• **The data**:
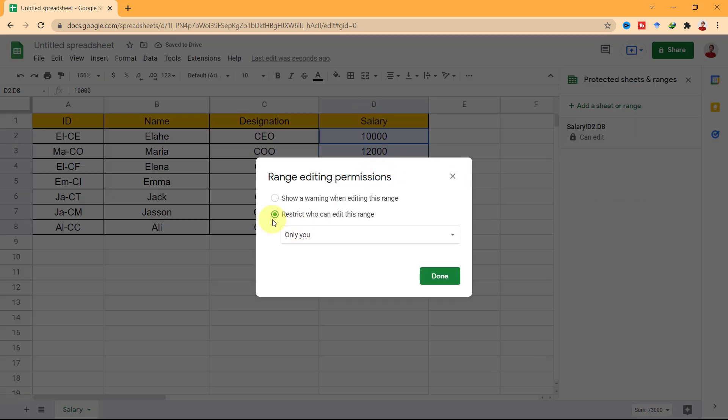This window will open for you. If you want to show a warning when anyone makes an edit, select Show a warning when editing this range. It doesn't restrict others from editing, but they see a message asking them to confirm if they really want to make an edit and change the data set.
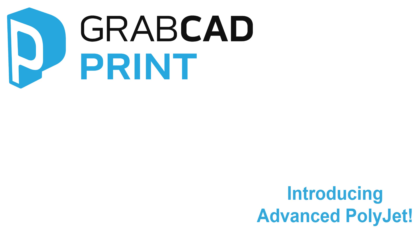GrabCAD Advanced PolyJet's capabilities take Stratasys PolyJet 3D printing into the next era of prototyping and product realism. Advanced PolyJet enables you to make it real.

---

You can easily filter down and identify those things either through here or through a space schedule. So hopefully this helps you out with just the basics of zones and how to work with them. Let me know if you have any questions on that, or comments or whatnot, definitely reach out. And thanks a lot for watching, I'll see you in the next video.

--

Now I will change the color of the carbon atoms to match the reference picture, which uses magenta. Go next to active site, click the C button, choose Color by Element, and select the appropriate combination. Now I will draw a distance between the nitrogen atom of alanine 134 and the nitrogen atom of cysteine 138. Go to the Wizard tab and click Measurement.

• **What is needed**:
Would you transcribe the lines above exactly, going from the line bearing "This window will" through the line bearing "GrabCAD Advanced PolyJet's", and drop the pictures from the copy?

• **Completed task**:
This window will open for you. If you want to show a warning when anyone makes an edit, select Show a warning when editing this range. It doesn't restrict others from editing, but they see a message asking them to confirm if they really want to make an edit and change the data set.
GrabCAD Advanced PolyJet's capabilities take Stratasys PolyJet 3D printing into the next era of prototyping and product realism. Advanced PolyJet enables you to make it real.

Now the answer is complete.